I myself did not have the great pleasure of heading over to bonnie Deutschland for this particular Euro tie but I was in Berlin for a week’s holiday less than a month ago.

While the capital of Germany is at the opposite end of the country from Stuttgart, I did notice one particular cultural detail which, one would assume, is nationwide in it’s influence.

Despite being a happily and faithfully married man, it was still somewhat difficult for me NOT to notice - when utilising the toilet facilities of the various Cat Stevens-playing bars my good lady wife and I took the time to visit - the name of the most popular brand of condom filling those much maligned dispensers in the Little Herren’s Room.

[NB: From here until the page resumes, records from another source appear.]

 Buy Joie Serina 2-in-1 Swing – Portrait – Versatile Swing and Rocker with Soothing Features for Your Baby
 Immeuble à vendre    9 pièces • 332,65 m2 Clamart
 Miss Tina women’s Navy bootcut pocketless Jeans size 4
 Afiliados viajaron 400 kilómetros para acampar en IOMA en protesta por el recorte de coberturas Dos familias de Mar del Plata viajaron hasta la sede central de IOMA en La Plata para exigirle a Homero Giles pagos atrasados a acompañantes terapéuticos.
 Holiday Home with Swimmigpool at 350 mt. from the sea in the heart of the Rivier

A jaunty cartoon of a cheery pink prophylactic, complete with arms, legs and cheery smile, waved his little rubber arms under an equally garish rendering of the phrase “Billy Boy”. I looked once, slyly. I looked for a second time, amazedly - and a third glance confirmed that, yes indeed, In Germany, the nickname oft applied to ourselves as Gers fans - BY ourselves - is the name of a major brand of condoms. Needless to say - I missed the urinal.

So, as if last night’s result wasn’t bad enough, I just hope to hell none of the home fans in the Gottlieb Daimler could discern the lyrics of a song from the away corner. Hullo, Hullo - we are the Durex boys. Just doesn’t have the same ring to it. Particularly ironic also when we remember just how little protection Mozza Roass and Vanoli were able to provide Stefan Klos at the goal.

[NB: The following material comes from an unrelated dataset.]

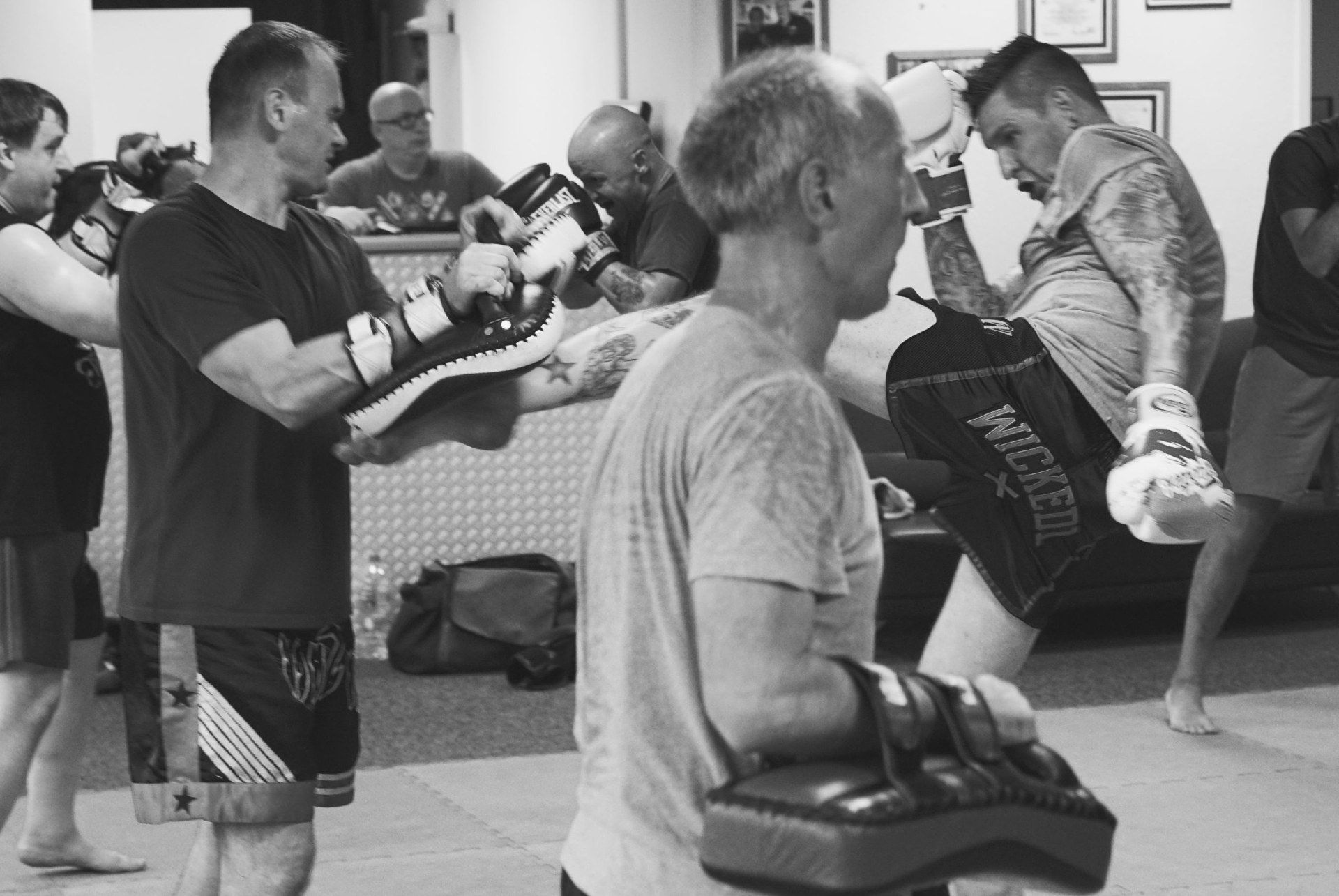 Thaiboxen-Training mit mehreren Personen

In fact, that’s a point: Stefan Klos! Christian Nerlinger … Jorg Albertz!! Have they never thought to tell us! All our German players have shunned a responsibility here. Every time Ibrox works itself into a choral frenzy they must have thought, particularly as their ears became more accustomed to the nuances of Glaswegian-Scottish-English, “what the hell are these people talking about? Why are they so eager to boast about being CONDOMS??!! Just what exactly is it they’re “up to their knees in” then?? Ich nicht want to know!”

I mean, we’ve played more teams from Germany than anywhere else in Europe down the years so every time our punters let rip in Moenchengladbach, Munich, or Berlin (the song wasn’t invented when we played Vorwarts … was it??!!), the home fans would have been pi**ing themselves.

Oh god - the embarassment. Kaiserslautern, Leverkusen, Dusseldorf - sheeezus - the German crowds must have been asking themselves “What is it their fathers wore?!!”, “What’s that? - ‘ with heart in hand and sword and SHEATH ‘??” “I don’t know who Old Derry is and I really don’t care if he is or isn’t guarding his balls!!” “What are they singing now? -’ We are Rangers, super Rangers … ribbed for her pleasure, we don’t care’?”

Cologne … Dortmund … Och, naw! We even played a European final in Nuremberg!! Oh sod it - I’m not thinking about this anymore. Yes, troops, I’m just gonnae rubber it. Who mentioned Jerry Helmets?